It is time Carl Lewis grew up.
Long past time. About 25 years. When his three gold medals in the inaugural World Championships in Helsinki 1983 announced to the world a superior talent, and signalled his potential to emulate Jesse Owens, 1936 vintage, and take four gold medals in the Olympics in Los Angeles the following year, Lewis could also have begun to show the world a maturity that would have enhanced his career and reputation immeasurably, and made him a figure to esteem not just in the world of track and field athletics, but in the wider world beyond. And what did we get? Sure enough, an unparallelled career, with nine Olympic and eight world champs golds.
But we also got a world champion whiner!
Let’s get one thing straight from the offset. Lewis is one of the greatest competitors I’ve ever seen. And I was one of the mainstays of the circuit throughout the 1980s and early 1990s, and in tandem with the scintillating sprinting, I lost count of the number of times he pulled out a winning leap on his final jump, contributing to a 65 win streak over ten years, one of the longest in the annals of the sport. Of course, he may have been kidding us, as Daley Thompson once admitted in an autobiography, taking less than full effort in early rounds, to force himself to concentrate on the final attempt. Nevertheless, it worked. It was great theatre as well as great competition. And only added to the legend of a man who won four successive Olympic long jump titles, another record.
Of course, no one says that you have to be a nice guy as well as a great champion. Just as well! Because Lewis’s mean-streak is every bit as impressive as his winning streak.
There is no better example of how vicious Lewis can be than his autobiography, Inside Track, written with Jeffrey Marx. What should have been a celebration of one of the most illustrious careers in the sport reads more like a long revenge letter. Anyone perceived to have slighted Lewis in any way during his lengthy career is demeaned and criticised to an extent which is obscene. The worst example is with Larry Myricks, the last person to beat Lewis prior to his ten-year streak. Myricks is repeatedly referred to as a choker, and when he fails in the world championships, he is called a ‘world champion choker’. It is petty and mean, and does immense discredit to Lewis, like much of the rest of the book, which suggests an extreme narcissist, someone who cannot see beyond himself.

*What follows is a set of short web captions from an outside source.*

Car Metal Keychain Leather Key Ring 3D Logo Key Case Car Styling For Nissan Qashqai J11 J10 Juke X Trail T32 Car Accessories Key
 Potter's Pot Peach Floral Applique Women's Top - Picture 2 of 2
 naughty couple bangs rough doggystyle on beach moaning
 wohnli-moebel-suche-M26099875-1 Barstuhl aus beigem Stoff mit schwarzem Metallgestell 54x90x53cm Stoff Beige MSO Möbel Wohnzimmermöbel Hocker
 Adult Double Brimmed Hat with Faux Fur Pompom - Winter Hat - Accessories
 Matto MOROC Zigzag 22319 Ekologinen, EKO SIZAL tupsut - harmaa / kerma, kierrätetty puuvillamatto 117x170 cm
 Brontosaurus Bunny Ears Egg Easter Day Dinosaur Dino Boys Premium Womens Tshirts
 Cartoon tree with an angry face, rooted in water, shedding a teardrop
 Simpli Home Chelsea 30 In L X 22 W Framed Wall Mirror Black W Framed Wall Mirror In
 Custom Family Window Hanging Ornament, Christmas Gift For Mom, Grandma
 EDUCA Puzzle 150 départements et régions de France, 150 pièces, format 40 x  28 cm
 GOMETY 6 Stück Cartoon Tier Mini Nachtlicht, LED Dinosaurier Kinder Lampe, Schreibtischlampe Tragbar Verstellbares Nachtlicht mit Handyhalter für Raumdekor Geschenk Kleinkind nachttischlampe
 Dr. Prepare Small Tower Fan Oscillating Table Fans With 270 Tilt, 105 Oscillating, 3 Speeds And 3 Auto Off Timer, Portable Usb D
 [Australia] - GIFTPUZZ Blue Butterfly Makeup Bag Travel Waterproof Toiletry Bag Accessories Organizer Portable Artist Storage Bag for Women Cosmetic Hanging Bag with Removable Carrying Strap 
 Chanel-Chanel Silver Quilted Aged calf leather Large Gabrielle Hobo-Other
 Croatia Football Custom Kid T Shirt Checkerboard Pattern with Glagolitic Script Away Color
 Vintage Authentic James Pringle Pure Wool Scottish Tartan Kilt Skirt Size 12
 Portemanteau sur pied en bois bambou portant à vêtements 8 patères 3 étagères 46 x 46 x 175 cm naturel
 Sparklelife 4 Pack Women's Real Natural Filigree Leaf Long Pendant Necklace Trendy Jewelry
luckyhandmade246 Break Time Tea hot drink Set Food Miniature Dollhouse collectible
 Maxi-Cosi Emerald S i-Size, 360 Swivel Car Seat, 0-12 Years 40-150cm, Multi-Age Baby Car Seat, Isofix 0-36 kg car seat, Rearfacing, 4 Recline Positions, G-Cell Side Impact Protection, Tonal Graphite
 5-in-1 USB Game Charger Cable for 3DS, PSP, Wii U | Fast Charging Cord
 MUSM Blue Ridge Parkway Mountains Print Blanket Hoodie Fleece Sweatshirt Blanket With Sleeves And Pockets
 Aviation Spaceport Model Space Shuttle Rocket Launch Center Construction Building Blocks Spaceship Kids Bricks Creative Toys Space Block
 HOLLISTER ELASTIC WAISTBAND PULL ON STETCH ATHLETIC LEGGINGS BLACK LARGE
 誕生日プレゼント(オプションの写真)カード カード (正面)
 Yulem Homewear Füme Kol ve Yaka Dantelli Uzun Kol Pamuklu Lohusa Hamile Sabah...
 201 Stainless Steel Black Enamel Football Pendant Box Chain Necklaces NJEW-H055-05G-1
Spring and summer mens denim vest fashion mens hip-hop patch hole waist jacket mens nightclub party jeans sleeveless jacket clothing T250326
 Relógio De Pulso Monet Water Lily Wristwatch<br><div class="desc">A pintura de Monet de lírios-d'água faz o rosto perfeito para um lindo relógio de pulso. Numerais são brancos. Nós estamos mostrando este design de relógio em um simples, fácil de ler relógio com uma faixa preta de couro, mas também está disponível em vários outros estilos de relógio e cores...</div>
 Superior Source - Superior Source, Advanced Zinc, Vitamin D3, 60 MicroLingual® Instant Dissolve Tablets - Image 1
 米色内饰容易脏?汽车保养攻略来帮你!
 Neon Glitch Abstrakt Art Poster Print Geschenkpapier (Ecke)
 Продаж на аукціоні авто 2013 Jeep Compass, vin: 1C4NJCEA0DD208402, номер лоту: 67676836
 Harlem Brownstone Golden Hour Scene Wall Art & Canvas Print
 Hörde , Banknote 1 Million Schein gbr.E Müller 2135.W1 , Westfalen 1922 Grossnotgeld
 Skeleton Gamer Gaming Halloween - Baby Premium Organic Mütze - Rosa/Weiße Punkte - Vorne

And, judging by his ill-advised comments on Usain Bolt in a Sports Illustrated online interview last week, he hasn’t changed over a decade later. A decade in which he has deliberately distanced himself from the sport. Yet he’s like those stars who become TV or radio commentators. At first, they have a hard time being objective, tempted as they are to compare everyone poorly to themselves. They gradually grow out of it. Lewis, it seems hasn’t managed that yet.
Of course, Lewis has a point when he ennumerates all those sprinters who succeeded him, who later tested positive. But those comments, and his aspersions on the hitherto unblemished Bolt – a youngster with quite as much talent as Lewis – would be more acceptable if Lewis’s levels of denial didn’t stretch to his own drugs positive. To which his only response seems to be that people still remember him, so that’s OK. Huh? He used that reply (excuse) in the wake of Wade Exum’s revelations five years ago of his positive in 1988, a positive swept under the carpet by the US authorities he is now vaunting for their anti-drugs hardline. He repeated that excuse in an interview with BBC World Service Radio two years ago, and he trotted it out again in his SI interview last week.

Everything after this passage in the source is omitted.